(Dataset records)
⁂

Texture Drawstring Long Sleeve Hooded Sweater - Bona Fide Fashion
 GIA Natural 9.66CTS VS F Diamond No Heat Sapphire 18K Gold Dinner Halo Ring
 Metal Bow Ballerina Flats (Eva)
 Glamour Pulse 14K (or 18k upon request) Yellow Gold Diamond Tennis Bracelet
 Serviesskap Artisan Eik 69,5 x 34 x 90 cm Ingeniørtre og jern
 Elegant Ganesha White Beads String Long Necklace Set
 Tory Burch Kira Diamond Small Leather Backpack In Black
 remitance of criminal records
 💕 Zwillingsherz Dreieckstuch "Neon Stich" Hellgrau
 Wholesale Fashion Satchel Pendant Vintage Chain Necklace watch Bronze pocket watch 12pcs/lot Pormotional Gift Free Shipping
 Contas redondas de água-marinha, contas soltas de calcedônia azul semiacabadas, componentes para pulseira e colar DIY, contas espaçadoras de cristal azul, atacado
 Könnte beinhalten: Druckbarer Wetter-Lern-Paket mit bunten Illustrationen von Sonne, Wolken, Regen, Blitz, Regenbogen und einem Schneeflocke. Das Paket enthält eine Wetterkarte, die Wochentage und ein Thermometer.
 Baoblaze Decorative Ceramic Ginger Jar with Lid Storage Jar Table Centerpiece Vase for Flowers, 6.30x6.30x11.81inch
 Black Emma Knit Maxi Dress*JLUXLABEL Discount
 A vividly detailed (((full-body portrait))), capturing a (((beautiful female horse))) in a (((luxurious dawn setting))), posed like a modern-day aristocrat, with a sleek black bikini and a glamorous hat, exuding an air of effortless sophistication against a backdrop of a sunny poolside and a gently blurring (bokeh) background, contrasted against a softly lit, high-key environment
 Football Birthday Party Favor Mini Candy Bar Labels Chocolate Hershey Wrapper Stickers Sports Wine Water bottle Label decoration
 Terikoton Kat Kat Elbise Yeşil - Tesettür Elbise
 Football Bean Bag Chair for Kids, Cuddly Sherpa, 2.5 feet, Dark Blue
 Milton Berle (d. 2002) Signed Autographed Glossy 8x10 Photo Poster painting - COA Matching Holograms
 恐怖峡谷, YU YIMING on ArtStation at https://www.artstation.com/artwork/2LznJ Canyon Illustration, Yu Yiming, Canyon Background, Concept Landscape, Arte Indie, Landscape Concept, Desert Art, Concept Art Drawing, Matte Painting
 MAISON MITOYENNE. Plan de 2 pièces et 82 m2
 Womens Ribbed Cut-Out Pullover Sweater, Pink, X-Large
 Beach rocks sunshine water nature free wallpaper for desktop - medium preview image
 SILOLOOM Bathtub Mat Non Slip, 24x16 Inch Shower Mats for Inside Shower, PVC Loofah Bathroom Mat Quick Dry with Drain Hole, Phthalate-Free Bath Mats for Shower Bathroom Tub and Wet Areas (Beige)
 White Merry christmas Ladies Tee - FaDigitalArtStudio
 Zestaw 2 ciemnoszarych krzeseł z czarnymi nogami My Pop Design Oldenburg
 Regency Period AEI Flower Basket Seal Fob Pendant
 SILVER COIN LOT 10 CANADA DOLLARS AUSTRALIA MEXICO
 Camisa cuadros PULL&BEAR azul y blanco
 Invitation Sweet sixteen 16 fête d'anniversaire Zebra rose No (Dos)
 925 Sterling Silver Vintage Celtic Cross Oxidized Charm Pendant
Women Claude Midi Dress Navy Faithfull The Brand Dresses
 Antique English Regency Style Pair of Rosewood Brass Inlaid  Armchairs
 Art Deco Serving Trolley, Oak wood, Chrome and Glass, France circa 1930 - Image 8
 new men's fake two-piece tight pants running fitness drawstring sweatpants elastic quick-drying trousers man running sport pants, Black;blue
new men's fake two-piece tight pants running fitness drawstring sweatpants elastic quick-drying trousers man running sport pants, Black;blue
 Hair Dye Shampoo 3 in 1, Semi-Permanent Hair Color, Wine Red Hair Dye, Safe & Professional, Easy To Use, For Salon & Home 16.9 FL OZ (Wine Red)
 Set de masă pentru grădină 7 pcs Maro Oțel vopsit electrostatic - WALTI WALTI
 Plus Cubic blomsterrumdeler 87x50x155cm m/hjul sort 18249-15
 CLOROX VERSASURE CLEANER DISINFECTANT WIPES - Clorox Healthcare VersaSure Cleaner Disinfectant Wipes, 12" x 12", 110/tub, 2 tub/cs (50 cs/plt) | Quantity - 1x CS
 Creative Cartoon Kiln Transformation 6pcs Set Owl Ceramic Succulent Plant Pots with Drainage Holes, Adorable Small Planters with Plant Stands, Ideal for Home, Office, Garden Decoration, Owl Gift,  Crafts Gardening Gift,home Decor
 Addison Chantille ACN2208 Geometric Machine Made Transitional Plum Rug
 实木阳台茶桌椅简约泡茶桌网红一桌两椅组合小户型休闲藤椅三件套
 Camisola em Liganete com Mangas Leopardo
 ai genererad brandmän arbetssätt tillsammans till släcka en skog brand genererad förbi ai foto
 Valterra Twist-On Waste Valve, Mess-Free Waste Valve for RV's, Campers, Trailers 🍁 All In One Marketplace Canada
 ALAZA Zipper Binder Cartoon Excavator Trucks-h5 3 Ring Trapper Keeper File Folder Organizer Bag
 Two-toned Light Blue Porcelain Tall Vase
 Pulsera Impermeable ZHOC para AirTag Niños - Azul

⁂

(Assigned task)
Transcribe every entry verbatim.

(Response below)
Texture Drawstring Long Sleeve Hooded Sweater - Bona Fide Fashion
 GIA Natural 9.66CTS VS F Diamond No Heat Sapphire 18K Gold Dinner Halo Ring
 Metal Bow Ballerina Flats (Eva)
 Glamour Pulse 14K (or 18k upon request) Yellow Gold Diamond Tennis Bracelet
 Serviesskap Artisan Eik 69,5 x 34 x 90 cm Ingeniørtre og jern
 Elegant Ganesha White Beads String Long Necklace Set
 Tory Burch Kira Diamond Small Leather Backpack In Black
 remitance of criminal records
 💕 Zwillingsherz Dreieckstuch "Neon Stich" Hellgrau
 Wholesale Fashion Satchel Pendant Vintage Chain Necklace watch Bronze pocket watch 12pcs/lot Pormotional Gift Free Shipping
 Contas redondas de água-marinha, contas soltas de calcedônia azul semiacabadas, componentes para pulseira e colar DIY, contas espaçadoras de cristal azul, atacado
 Könnte beinhalten: Druckbarer Wetter-Lern-Paket mit bunten Illustrationen von Sonne, Wolken, Regen, Blitz, Regenbogen und einem Schneeflocke. Das Paket enthält eine Wetterkarte, die Wochentage und ein Thermometer.
 Baoblaze Decorative Ceramic Ginger Jar with Lid Storage Jar Table Centerpiece Vase for Flowers, 6.30x6.30x11.81inch
 Black Emma Knit Maxi Dress*JLUXLABEL Discount
 A vividly detailed (((full-body portrait))), capturing a (((beautiful female horse))) in a (((luxurious dawn setting))), posed like a modern-day aristocrat, with a sleek black bikini and a glamorous hat, exuding an air of effortless sophistication against a backdrop of a sunny poolside and a gently blurring (bokeh) background, contrasted against a softly lit, high-key environment
 Football Birthday Party Favor Mini Candy Bar Labels Chocolate Hershey Wrapper Stickers Sports Wine Water bottle Label decoration
 Terikoton Kat Kat Elbise Yeşil - Tesettür Elbise
 Football Bean Bag Chair for Kids, Cuddly Sherpa, 2.5 feet, Dark Blue
 Milton Berle (d. 2002) Signed Autographed Glossy 8x10 Photo Poster painting - COA Matching Holograms
 恐怖峡谷, YU YIMING on ArtStation at https://www.artstation.com/artwork/2LznJ Canyon Illustration, Yu Yiming, Canyon Background, Concept Landscape, Arte Indie, Landscape Concept, Desert Art, Concept Art Drawing, Matte Painting
 MAISON MITOYENNE. Plan de 2 pièces et 82 m2
 Womens Ribbed Cut-Out Pullover Sweater, Pink, X-Large
 Beach rocks sunshine water nature free wallpaper for desktop - medium preview image
 SILOLOOM Bathtub Mat Non Slip, 24x16 Inch Shower Mats for Inside Shower, PVC Loofah Bathroom Mat Quick Dry with Drain Hole, Phthalate-Free Bath Mats for Shower Bathroom Tub and Wet Areas (Beige)
 White Merry christmas Ladies Tee - FaDigitalArtStudio
 Zestaw 2 ciemnoszarych krzeseł z czarnymi nogami My Pop Design Oldenburg
 Regency Period AEI Flower Basket Seal Fob Pendant
 SILVER COIN LOT 10 CANADA DOLLARS AUSTRALIA MEXICO
 Camisa cuadros PULL&BEAR azul y blanco
 Invitation Sweet sixteen 16 fête d'anniversaire Zebra rose No (Dos)
 925 Sterling Silver Vintage Celtic Cross Oxidized Charm Pendant
Women Claude Midi Dress Navy Faithfull The Brand Dresses
 Antique English Regency Style Pair of Rosewood Brass Inlaid  Armchairs
 Art Deco Serving Trolley, Oak wood, Chrome and Glass, France circa 1930 - Image 8
 new men's fake two-piece tight pants running fitness drawstring sweatpants elastic quick-drying trousers man running sport pants, Black;blue
new men's fake two-piece tight pants running fitness drawstring sweatpants elastic quick-drying trousers man running sport pants, Black;blue
 Hair Dye Shampoo 3 in 1, Semi-Permanent Hair Color, Wine Red Hair Dye, Safe & Professional, Easy To Use, For Salon & Home 16.9 FL OZ (Wine Red)
 Set de masă pentru grădină 7 pcs Maro Oțel vopsit electrostatic - WALTI WALTI
 Plus Cubic blomsterrumdeler 87x50x155cm m/hjul sort 18249-15
 CLOROX VERSASURE CLEANER DISINFECTANT WIPES - Clorox Healthcare VersaSure Cleaner Disinfectant Wipes, 12" x 12", 110/tub, 2 tub/cs (50 cs/plt) | Quantity - 1x CS
 Creative Cartoon Kiln Transformation 6pcs Set Owl Ceramic Succulent Plant Pots with Drainage Holes, Adorable Small Planters with Plant Stands, Ideal for Home, Office, Garden Decoration, Owl Gift,  Crafts Gardening Gift,home Decor
 Addison Chantille ACN2208 Geometric Machine Made Transitional Plum Rug
 实木阳台茶桌椅简约泡茶桌网红一桌两椅组合小户型休闲藤椅三件套
 Camisola em Liganete com Mangas Leopardo
 ai genererad brandmän arbetssätt tillsammans till släcka en skog brand genererad förbi ai foto
 Valterra Twist-On Waste Valve, Mess-Free Waste Valve for RV's, Campers, Trailers 🍁 All In One Marketplace Canada
 ALAZA Zipper Binder Cartoon Excavator Trucks-h5 3 Ring Trapper Keeper File Folder Organizer Bag
 Two-toned Light Blue Porcelain Tall Vase
 Pulsera Impermeable ZHOC para AirTag Niños - Azul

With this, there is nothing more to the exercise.